By Brent McKnight | Updated

This article is more than 2 years old

GodzillaSo, after what seemed like forever, director Gareth Edwards’ Godzilla reboot is finally here, and we enjoyed it thoroughly. You might have noticed that it is absolutely crushing the box office this weekend, even earning more than The Amazing Spider-Man 2 during its debut. We’ve been writing about this extensively during the build up, and reviewed the movie before it came out last week, but that’s not nearly enough for a film of this magnitude. So Nick and Brent sat down and traded their thoughts back and forth. Don’t worry, we left out the really inappropriate stuff.

Be warned there are massive SPOILERS beyond this point. Don’t read on unless you’ve seen Godzilla

Brent: I loved this movie, a lot, and I know you really enjoyed it, too, but one thing that really surprised me over the course of the weekend is the hate. A lot of people feel the way we do, but I’ve encountered more people than I expected, both critics and fans, who are totally mad at this movie. I understand not liking it, but there is some intense hatred, for a variety of reasons. Even more so than a movie like Pacific Rim, which also totally divided people.

Nick: Here’s my stance against the “They didn’t show Godzilla enough” argument. This is essentially an origin story, and origin stories tend not to deliver the “hero” right away, letting anticipation build until the third act’s major sequences. It’s set up exactly the same here, but for some reason people were expecting Godzilla to just be front and center without explanation.

Spending a good chunk of time just watching him destroy things and chasing the other monsters could have been spiced up, but there’s no way a Hollywood movie with this kind of budget would just allow its biggest character to start the film off stomping apartment buildings. They think people are too dumb for that. Would it have been awesome? Yes. But was it expected? Not in the least.

Brent: Such a huge part of the tension of the movie is the buildup until we actually see Godzilla. To be honest, they didn’t wait as long as I expected them to. In a movie like this, if you show the creature right away, you immediately show your hand. Part of what Edwards does really well here is that you expect the first monster you see to be the main attraction. There’s so much history here, so much familiarity with Godzilla, that when it turns out to be MUTO that hatches at the nuclear plant site, it’s very much a misdirection move.

Nick: Agreed, but really only for Godzilla fans.
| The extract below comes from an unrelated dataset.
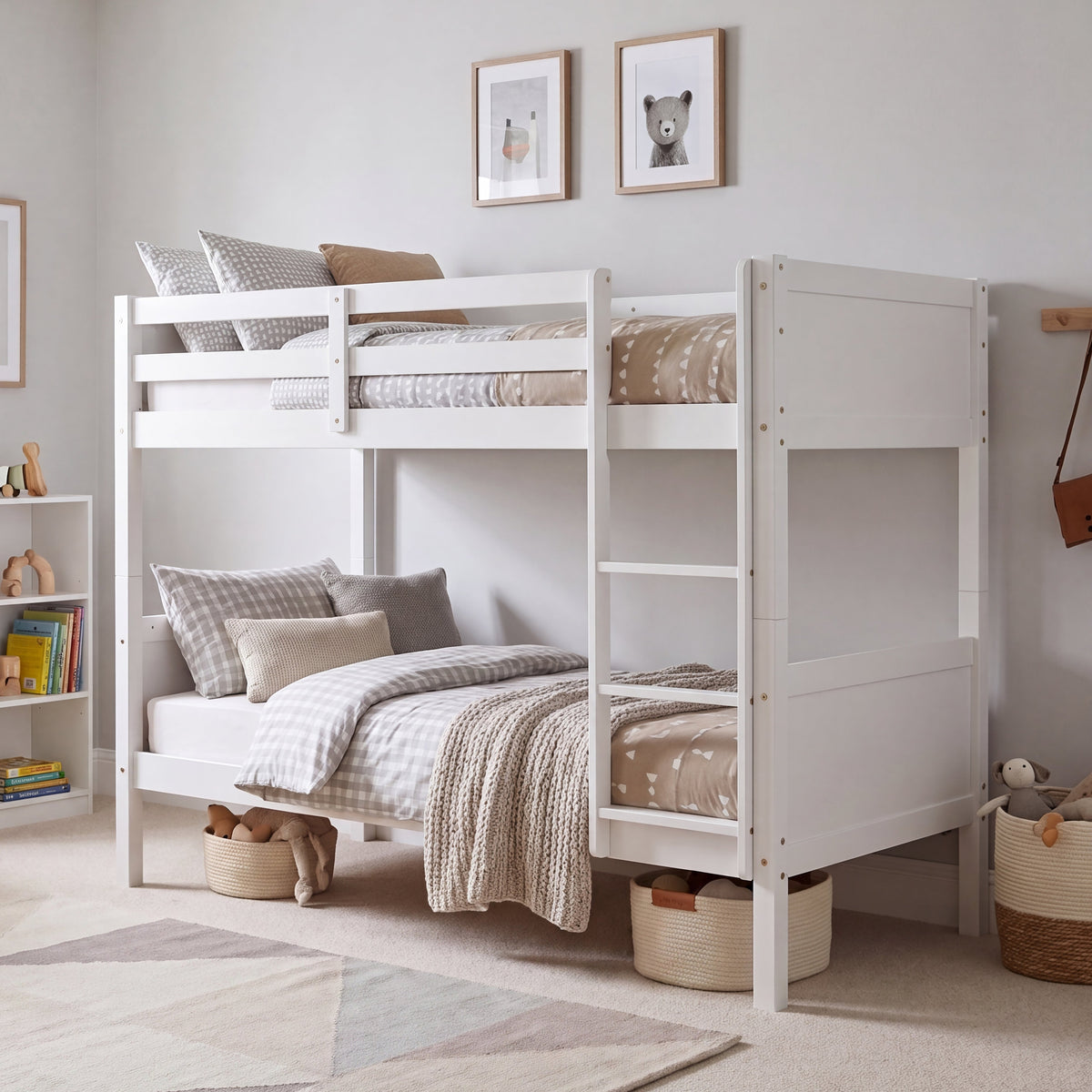 Gemini Detachable Bunk Bed - White — view 2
If this were an unrelated monster movie, that expectation wouldn’t be there. I really want to see it with my wife, who has never seen any of the films to my knowledge, though it’s impossible for her not to know the legacy. I kept trying to think of it as a completely different movie from everything I knew about Godzilla.

Brent: That’s hard to do. Godzilla is one of those pieces of pop culture that is so ubiquitous that even people who have never seen an actual movie still know who and what he is.
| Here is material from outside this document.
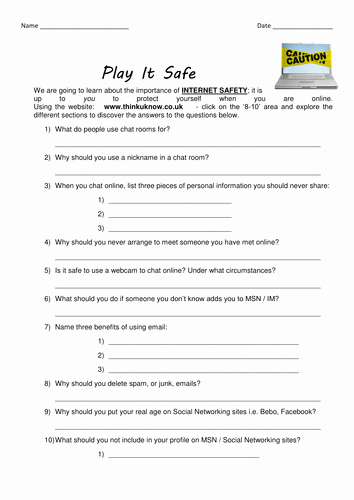 Internet Safety Worksheets Printable Best Of Internet Safety Detective Search by Googlie Eye Teaching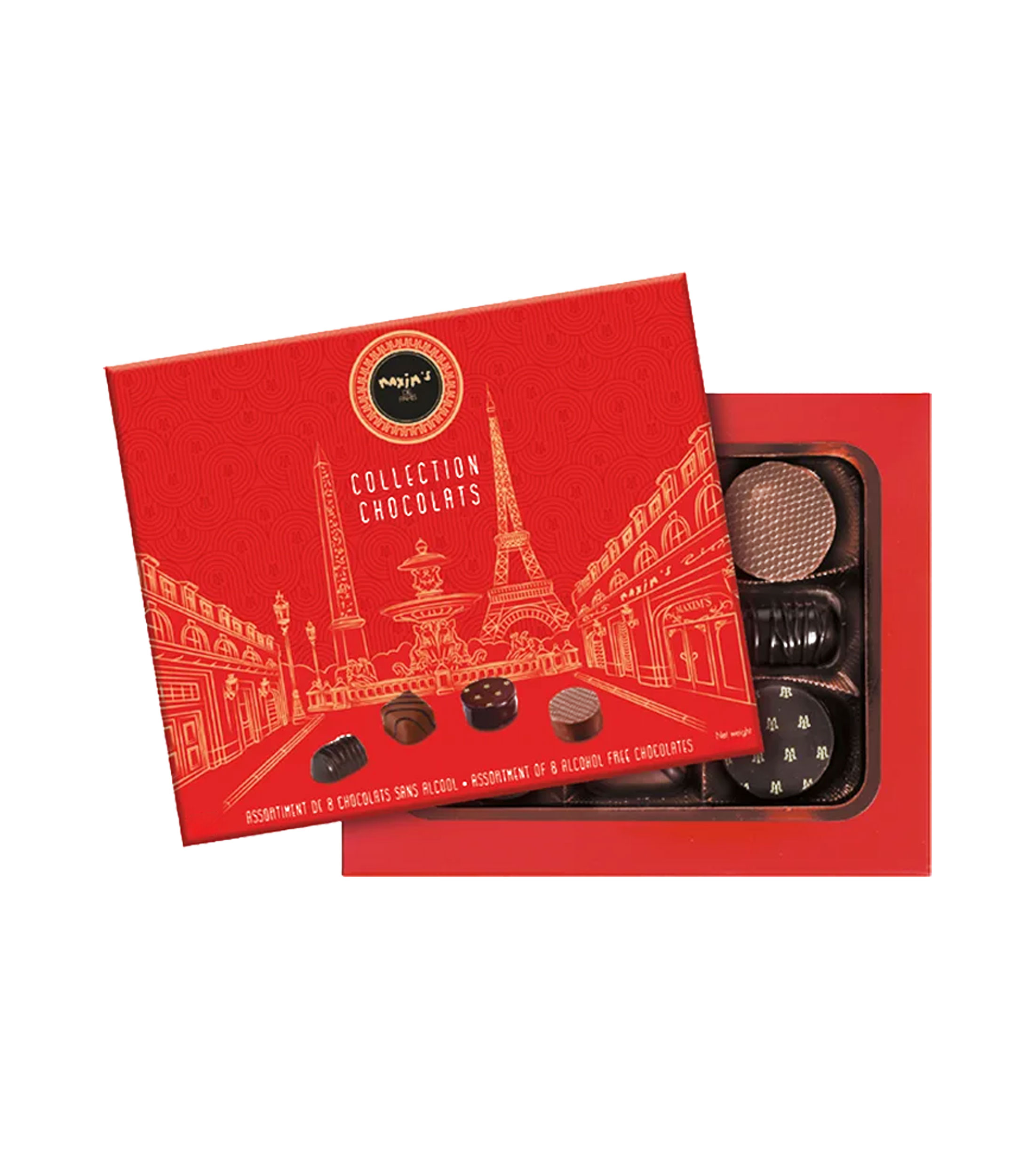 Set de 8 chocolates, 75 gr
Nick: Yeah. So it’s better that they got into the MUTOs first, to me, because they were the strangers that nobody knew much about. Now, using new monsters rather than appealing to the fan desire to see recognizable villains is a different issue.

Brent: It’s a balance of old and new that I kind of liked. Right from the opening credits, with all of that redacted stuff and the newsreel footage, they tap into the more than half a century of history that this franchise brings with it. And that’s another thing that I think Edwards and company do well, keeping the old and fitting the story into the existing framework, while at the same time trying to put their own stamp on it. In order to satisfy fans, especially after Roland Emmerich’s 1998 version, Godzilla has to look and feel a certain way, but the new creatures allow them to do something completely their own. Even if they do look a little like the bugs from Starship Troopers.